Soy ciudadano de una nación que no existe, mi Galicia que no tiene dirigencia que le ofrezca un camino para solucionar sus problemas bajo este estado, pero ustedes, catalanes y catalanas, no están en esta situación. Hay algo que no debieran olvidar, aunque desde el estado madrileño con todos sus medios de coerción y de propaganda política y mediática quieren negarlo, la sociedad catalana no sólo es perfectamente capaz de vivir por sí misma sino que la Corte no es capaz de destruir esas sus capacidades, ni siquiera el expolio de empresas y la pretensión de cerrar fábricas y trasladarlas desde la jefatura del estado misma es capaz de anular esa capacidad creativa.

Catalunya seguirá siendo una nación sin estado que permite vivir y desarrollar sus capacidades a las personas que tienen la fortuna de nacer ahí y de acoger a otras que llegan de lugares donde no se les ofrecen esas posibilidades. No debieran olvidarlo, es un país de oportunidades y con una cultura cívica muchísimo más libre que su entorno en este reino.

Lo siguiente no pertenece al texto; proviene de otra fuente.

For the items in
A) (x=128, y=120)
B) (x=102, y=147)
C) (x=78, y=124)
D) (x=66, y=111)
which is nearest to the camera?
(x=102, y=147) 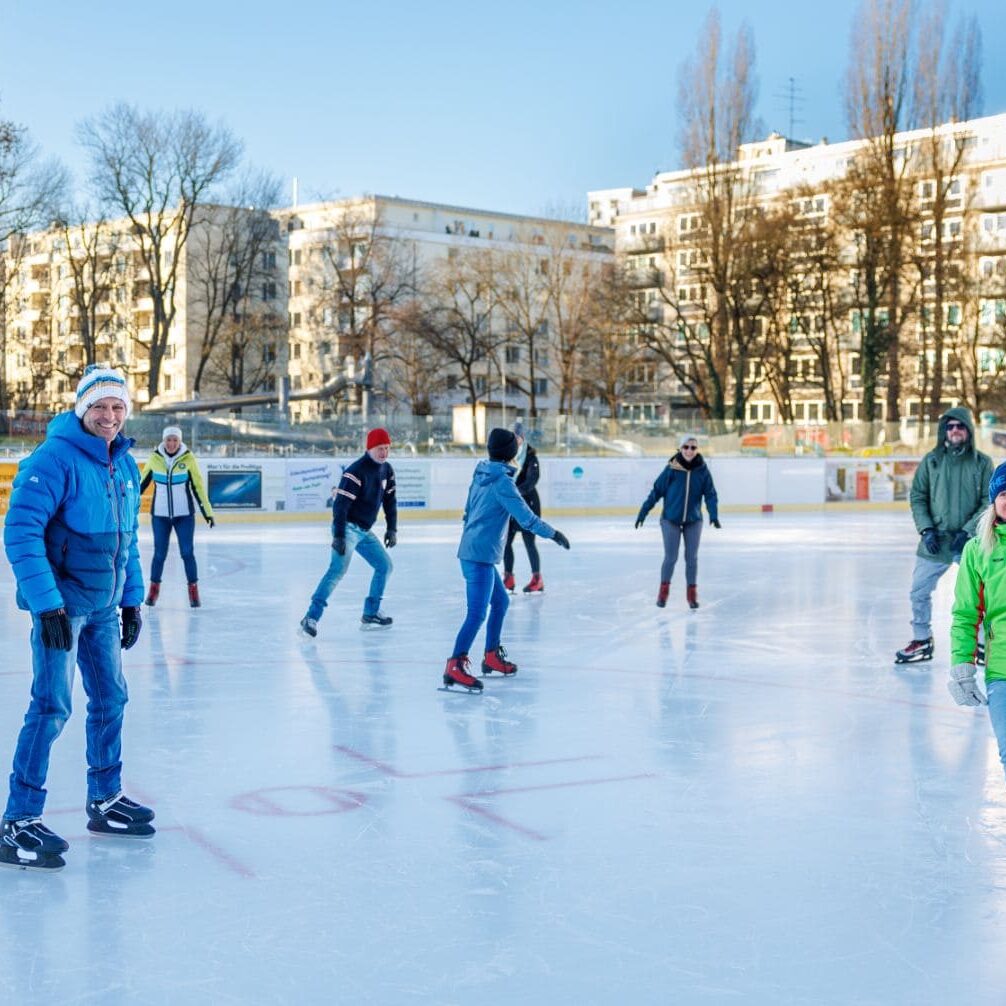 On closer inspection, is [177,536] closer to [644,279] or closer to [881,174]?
[881,174]

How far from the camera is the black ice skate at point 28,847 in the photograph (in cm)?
459

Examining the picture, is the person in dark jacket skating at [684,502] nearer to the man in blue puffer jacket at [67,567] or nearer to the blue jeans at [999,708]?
the man in blue puffer jacket at [67,567]

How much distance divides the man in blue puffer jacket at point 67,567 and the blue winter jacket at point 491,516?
10.5 feet

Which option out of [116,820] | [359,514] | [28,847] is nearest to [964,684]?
[116,820]

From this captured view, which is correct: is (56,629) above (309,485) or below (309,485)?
above

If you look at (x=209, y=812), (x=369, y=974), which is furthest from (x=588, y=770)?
(x=369, y=974)

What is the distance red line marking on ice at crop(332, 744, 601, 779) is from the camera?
6.06 metres

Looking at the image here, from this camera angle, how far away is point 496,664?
28.4 feet

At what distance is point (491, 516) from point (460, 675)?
0.93 metres

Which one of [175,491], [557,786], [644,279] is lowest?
[557,786]

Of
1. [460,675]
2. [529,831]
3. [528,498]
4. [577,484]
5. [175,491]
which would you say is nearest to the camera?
[529,831]

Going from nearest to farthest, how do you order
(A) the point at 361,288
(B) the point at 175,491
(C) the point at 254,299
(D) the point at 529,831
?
(D) the point at 529,831 → (B) the point at 175,491 → (A) the point at 361,288 → (C) the point at 254,299

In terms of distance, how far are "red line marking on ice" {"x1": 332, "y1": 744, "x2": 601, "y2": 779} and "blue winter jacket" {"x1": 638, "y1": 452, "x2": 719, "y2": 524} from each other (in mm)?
5964

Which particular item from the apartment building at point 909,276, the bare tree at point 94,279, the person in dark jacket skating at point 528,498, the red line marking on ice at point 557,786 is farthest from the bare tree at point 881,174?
the red line marking on ice at point 557,786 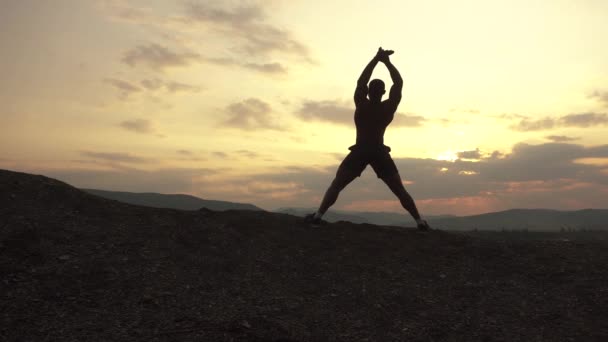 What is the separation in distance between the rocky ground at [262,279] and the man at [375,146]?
0.80 m

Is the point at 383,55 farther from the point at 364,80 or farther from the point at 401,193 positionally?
the point at 401,193

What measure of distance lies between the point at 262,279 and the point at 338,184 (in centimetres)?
365

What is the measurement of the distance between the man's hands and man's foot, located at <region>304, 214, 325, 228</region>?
3.77 m

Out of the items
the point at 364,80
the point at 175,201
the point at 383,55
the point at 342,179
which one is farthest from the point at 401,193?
the point at 175,201

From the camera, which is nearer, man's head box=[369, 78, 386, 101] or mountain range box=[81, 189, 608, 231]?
man's head box=[369, 78, 386, 101]

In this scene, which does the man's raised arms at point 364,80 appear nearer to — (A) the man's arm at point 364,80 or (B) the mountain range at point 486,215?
(A) the man's arm at point 364,80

Ustedes, catalanes y catalanas, pueden sentir desánimo y cansancio, es natural, pero no tienen derecho a la desesperanza. Aunque sus partidos y sus instituciones, que afrontan dificultades históricas muy serias para hacer política democrática, estén confundidas y erráticas ustedes pueden ser más fuertes porque tienen derecho a la esperanza de seguir existiendo como ese país creativo y con sentido de la libertad: su Catalunya es posible, no conseguirán liquidarla.

En este contexto histórico creo que la Diada es una obligación cívica para quien, pudiendo acudir, desea que ese país exista pese a sus odiadores, que se comportan como verdaderos enemigos violentos. Pero creo que, además, es una obligación de ciudadano y ciudadana libre consigo mismo, se trata de mantener en pie la exigencia de respeto. Se trata de respeto por uno mismo como persona con dignidad y derechos frente a un estado que, bajo el entramado de instituciones y leyes, no hay más remedio que reconocerlo como lo que es, ese mismo viejo estado de entraña autoritaria.

Nadie nos puede arrebatar el derecho a ser libres en nuestra vida íntima pero, además, ustedes pueden pisar sus calles con la cabeza bien alta y la voz clara diciendo, “soy libre, somos libres”.

Si dudan en acudir a la Diada recuerden que hay personas que no tienen un horizonte real de libertad pero ustedes sí. Defiendan sus vidas y sus libertades para ustedes mismos, los demás podremos beneficiarnos de su ejemplo de dignidad y valentía.